The listing must be reproduced in full, exactly as it stands.

********************

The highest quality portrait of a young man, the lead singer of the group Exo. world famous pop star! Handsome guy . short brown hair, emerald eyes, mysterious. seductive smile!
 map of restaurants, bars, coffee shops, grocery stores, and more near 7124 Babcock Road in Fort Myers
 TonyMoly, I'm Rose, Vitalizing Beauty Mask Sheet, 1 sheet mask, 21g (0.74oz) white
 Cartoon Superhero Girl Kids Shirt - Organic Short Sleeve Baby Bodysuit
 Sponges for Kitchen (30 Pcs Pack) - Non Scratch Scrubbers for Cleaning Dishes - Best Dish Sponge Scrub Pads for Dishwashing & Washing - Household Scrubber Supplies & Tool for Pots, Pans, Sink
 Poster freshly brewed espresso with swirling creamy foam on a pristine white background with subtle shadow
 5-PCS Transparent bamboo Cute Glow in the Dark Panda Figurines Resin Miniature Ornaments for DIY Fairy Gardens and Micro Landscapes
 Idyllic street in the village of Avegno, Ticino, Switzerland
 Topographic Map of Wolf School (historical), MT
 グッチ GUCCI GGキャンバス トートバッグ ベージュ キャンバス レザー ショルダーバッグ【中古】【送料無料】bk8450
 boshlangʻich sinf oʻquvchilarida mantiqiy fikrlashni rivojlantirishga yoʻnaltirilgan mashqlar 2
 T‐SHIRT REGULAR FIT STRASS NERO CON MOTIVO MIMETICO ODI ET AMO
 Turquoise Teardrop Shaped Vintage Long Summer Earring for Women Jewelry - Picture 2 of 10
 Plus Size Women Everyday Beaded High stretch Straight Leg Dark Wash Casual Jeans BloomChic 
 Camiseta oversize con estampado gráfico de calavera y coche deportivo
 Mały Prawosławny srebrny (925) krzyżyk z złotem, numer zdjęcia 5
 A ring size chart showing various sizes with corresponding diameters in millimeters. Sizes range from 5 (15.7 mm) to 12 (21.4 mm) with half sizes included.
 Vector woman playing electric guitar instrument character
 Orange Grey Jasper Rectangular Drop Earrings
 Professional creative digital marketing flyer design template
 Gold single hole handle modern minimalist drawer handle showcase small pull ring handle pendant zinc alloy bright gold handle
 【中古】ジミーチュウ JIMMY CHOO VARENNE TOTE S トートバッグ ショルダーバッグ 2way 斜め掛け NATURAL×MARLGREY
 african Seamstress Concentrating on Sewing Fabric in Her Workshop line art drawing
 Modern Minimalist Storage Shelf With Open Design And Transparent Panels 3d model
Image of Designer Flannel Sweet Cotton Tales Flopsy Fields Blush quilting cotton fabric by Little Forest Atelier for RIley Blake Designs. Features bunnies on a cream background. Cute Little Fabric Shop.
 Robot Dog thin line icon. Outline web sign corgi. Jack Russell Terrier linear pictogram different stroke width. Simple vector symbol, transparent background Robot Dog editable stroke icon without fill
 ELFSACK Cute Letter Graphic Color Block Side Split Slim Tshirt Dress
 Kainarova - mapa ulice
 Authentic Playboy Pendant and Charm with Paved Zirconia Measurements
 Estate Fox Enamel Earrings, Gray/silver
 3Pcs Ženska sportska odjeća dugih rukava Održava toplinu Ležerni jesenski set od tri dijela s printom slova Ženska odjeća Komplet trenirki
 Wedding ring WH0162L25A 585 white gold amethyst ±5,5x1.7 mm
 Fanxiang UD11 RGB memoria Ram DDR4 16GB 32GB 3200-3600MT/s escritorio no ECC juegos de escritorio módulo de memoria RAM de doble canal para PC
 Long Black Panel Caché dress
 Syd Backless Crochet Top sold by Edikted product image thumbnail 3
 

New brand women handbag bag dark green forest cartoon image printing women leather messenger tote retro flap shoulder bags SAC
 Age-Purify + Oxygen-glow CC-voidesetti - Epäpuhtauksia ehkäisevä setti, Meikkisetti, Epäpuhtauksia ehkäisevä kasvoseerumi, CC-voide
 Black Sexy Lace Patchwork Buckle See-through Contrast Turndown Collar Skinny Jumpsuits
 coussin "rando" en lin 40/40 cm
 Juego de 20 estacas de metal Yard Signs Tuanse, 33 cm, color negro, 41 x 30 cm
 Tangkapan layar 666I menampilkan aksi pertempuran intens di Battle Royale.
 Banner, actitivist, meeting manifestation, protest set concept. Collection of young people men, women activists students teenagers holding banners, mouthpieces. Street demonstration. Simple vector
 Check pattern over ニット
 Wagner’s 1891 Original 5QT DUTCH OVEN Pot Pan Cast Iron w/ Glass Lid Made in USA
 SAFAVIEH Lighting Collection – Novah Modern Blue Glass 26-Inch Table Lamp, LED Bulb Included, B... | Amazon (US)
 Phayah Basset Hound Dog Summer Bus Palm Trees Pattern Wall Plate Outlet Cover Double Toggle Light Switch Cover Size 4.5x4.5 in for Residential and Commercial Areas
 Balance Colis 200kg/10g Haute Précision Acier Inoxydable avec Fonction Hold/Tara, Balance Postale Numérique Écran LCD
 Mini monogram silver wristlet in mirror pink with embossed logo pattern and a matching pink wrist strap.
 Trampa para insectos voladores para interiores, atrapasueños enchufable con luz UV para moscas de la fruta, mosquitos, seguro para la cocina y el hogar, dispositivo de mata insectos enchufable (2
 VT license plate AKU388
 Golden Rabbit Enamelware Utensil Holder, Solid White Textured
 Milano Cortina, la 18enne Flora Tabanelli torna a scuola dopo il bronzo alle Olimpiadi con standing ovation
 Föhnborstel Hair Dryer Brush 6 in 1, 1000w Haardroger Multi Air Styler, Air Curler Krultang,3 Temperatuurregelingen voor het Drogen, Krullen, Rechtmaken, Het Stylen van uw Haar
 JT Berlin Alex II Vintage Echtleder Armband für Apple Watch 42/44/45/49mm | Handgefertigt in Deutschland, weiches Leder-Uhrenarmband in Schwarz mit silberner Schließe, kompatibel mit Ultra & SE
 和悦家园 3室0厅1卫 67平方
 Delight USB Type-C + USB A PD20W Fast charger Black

********************

### Written response
The highest quality portrait of a young man, the lead singer of the group Exo. world famous pop star! Handsome guy . short brown hair, emerald eyes, mysterious. seductive smile!
 map of restaurants, bars, coffee shops, grocery stores, and more near 7124 Babcock Road in Fort Myers
 TonyMoly, I'm Rose, Vitalizing Beauty Mask Sheet, 1 sheet mask, 21g (0.74oz) white
 Cartoon Superhero Girl Kids Shirt - Organic Short Sleeve Baby Bodysuit
 Sponges for Kitchen (30 Pcs Pack) - Non Scratch Scrubbers for Cleaning Dishes - Best Dish Sponge Scrub Pads for Dishwashing & Washing - Household Scrubber Supplies & Tool for Pots, Pans, Sink
 Poster freshly brewed espresso with swirling creamy foam on a pristine white background with subtle shadow
 5-PCS Transparent bamboo Cute Glow in the Dark Panda Figurines Resin Miniature Ornaments for DIY Fairy Gardens and Micro Landscapes
 Idyllic street in the village of Avegno, Ticino, Switzerland
 Topographic Map of Wolf School (historical), MT
 グッチ GUCCI GGキャンバス トートバッグ ベージュ キャンバス レザー ショルダーバッグ【中古】【送料無料】bk8450
 boshlangʻich sinf oʻquvchilarida mantiqiy fikrlashni rivojlantirishga yoʻnaltirilgan mashqlar 2
 T‐SHIRT REGULAR FIT STRASS NERO CON MOTIVO MIMETICO ODI ET AMO
 Turquoise Teardrop Shaped Vintage Long Summer Earring for Women Jewelry - Picture 2 of 10
 Plus Size Women Everyday Beaded High stretch Straight Leg Dark Wash Casual Jeans BloomChic 
 Camiseta oversize con estampado gráfico de calavera y coche deportivo
 Mały Prawosławny srebrny (925) krzyżyk z złotem, numer zdjęcia 5
 A ring size chart showing various sizes with corresponding diameters in millimeters. Sizes range from 5 (15.7 mm) to 12 (21.4 mm) with half sizes included.
 Vector woman playing electric guitar instrument character
 Orange Grey Jasper Rectangular Drop Earrings
 Professional creative digital marketing flyer design template
 Gold single hole handle modern minimalist drawer handle showcase small pull ring handle pendant zinc alloy bright gold handle
 【中古】ジミーチュウ JIMMY CHOO VARENNE TOTE S トートバッグ ショルダーバッグ 2way 斜め掛け NATURAL×MARLGREY
 african Seamstress Concentrating on Sewing Fabric in Her Workshop line art drawing
 Modern Minimalist Storage Shelf With Open Design And Transparent Panels 3d model
Image of Designer Flannel Sweet Cotton Tales Flopsy Fields Blush quilting cotton fabric by Little Forest Atelier for RIley Blake Designs. Features bunnies on a cream background. Cute Little Fabric Shop.
 Robot Dog thin line icon. Outline web sign corgi. Jack Russell Terrier linear pictogram different stroke width. Simple vector symbol, transparent background Robot Dog editable stroke icon without fill
 ELFSACK Cute Letter Graphic Color Block Side Split Slim Tshirt Dress
 Kainarova - mapa ulice
 Authentic Playboy Pendant and Charm with Paved Zirconia Measurements
 Estate Fox Enamel Earrings, Gray/silver
 3Pcs Ženska sportska odjeća dugih rukava Održava toplinu Ležerni jesenski set od tri dijela s printom slova Ženska odjeća Komplet trenirki
 Wedding ring WH0162L25A 585 white gold amethyst ±5,5x1.7 mm
 Fanxiang UD11 RGB memoria Ram DDR4 16GB 32GB 3200-3600MT/s escritorio no ECC juegos de escritorio módulo de memoria RAM de doble canal para PC
 Long Black Panel Caché dress
 Syd Backless Crochet Top sold by Edikted product image thumbnail 3
 

New brand women handbag bag dark green forest cartoon image printing women leather messenger tote retro flap shoulder bags SAC
 Age-Purify + Oxygen-glow CC-voidesetti - Epäpuhtauksia ehkäisevä setti, Meikkisetti, Epäpuhtauksia ehkäisevä kasvoseerumi, CC-voide
 Black Sexy Lace Patchwork Buckle See-through Contrast Turndown Collar Skinny Jumpsuits
 coussin "rando" en lin 40/40 cm
 Juego de 20 estacas de metal Yard Signs Tuanse, 33 cm, color negro, 41 x 30 cm
 Tangkapan layar 666I menampilkan aksi pertempuran intens di Battle Royale.
 Banner, actitivist, meeting manifestation, protest set concept. Collection of young people men, women activists students teenagers holding banners, mouthpieces. Street demonstration. Simple vector
 Check pattern over ニット
 Wagner’s 1891 Original 5QT DUTCH OVEN Pot Pan Cast Iron w/ Glass Lid Made in USA
 SAFAVIEH Lighting Collection – Novah Modern Blue Glass 26-Inch Table Lamp, LED Bulb Included, B... | Amazon (US)
 Phayah Basset Hound Dog Summer Bus Palm Trees Pattern Wall Plate Outlet Cover Double Toggle Light Switch Cover Size 4.5x4.5 in for Residential and Commercial Areas
 Balance Colis 200kg/10g Haute Précision Acier Inoxydable avec Fonction Hold/Tara, Balance Postale Numérique Écran LCD
 Mini monogram silver wristlet in mirror pink with embossed logo pattern and a matching pink wrist strap.
 Trampa para insectos voladores para interiores, atrapasueños enchufable con luz UV para moscas de la fruta, mosquitos, seguro para la cocina y el hogar, dispositivo de mata insectos enchufable (2
 VT license plate AKU388
 Golden Rabbit Enamelware Utensil Holder, Solid White Textured
 Milano Cortina, la 18enne Flora Tabanelli torna a scuola dopo il bronzo alle Olimpiadi con standing ovation
 Föhnborstel Hair Dryer Brush 6 in 1, 1000w Haardroger Multi Air Styler, Air Curler Krultang,3 Temperatuurregelingen voor het Drogen, Krullen, Rechtmaken, Het Stylen van uw Haar
 JT Berlin Alex II Vintage Echtleder Armband für Apple Watch 42/44/45/49mm | Handgefertigt in Deutschland, weiches Leder-Uhrenarmband in Schwarz mit silberner Schließe, kompatibel mit Ultra & SE
 和悦家园 3室0厅1卫 67平方
 Delight USB Type-C + USB A PD20W Fast charger Black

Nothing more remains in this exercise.